━━━ Data records

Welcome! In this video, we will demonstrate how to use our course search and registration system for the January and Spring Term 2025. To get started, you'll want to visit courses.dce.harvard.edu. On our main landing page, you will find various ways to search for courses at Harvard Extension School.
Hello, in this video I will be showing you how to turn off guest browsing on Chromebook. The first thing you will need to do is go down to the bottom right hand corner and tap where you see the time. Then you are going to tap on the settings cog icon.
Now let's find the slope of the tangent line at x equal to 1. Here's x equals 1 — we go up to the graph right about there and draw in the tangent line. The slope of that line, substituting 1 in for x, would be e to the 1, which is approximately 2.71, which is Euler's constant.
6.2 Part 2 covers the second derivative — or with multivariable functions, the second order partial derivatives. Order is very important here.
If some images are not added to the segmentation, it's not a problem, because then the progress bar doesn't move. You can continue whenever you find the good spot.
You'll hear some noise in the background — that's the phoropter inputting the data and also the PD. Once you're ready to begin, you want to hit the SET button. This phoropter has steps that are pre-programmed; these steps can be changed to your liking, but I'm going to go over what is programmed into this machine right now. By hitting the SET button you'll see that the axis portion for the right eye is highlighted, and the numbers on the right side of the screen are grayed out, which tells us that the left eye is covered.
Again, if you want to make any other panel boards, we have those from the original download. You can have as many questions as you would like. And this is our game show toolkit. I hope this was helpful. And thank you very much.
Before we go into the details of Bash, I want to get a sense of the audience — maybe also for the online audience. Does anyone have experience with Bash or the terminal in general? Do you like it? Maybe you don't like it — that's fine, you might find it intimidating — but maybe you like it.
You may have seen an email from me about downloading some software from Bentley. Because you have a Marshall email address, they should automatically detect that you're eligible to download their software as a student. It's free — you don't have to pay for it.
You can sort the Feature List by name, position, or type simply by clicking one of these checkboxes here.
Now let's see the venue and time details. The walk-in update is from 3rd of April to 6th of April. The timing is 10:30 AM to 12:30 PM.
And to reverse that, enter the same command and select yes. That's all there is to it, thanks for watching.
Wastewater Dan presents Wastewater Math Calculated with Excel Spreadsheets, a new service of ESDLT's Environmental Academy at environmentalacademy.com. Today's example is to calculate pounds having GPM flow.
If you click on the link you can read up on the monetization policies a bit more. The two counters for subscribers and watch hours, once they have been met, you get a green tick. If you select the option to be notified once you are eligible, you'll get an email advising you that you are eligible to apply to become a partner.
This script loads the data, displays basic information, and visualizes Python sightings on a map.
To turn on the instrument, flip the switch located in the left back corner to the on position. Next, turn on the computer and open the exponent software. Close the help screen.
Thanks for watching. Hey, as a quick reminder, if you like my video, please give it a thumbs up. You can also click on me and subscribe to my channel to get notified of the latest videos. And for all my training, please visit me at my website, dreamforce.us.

━━━━━━

--- Your task ---
The answer should hold the lines from the one containing "To turn on the" through the end of the entries above, set down exactly, with both ends included.

--- Result of this task ---
To turn on the instrument, flip the switch located in the left back corner to the on position. Next, turn on the computer and open the exponent software. Close the help screen.
Thanks for watching. Hey, as a quick reminder, if you like my video, please give it a thumbs up. You can also click on me and subscribe to my channel to get notified of the latest videos. And for all my training, please visit me at my website, dreamforce.us.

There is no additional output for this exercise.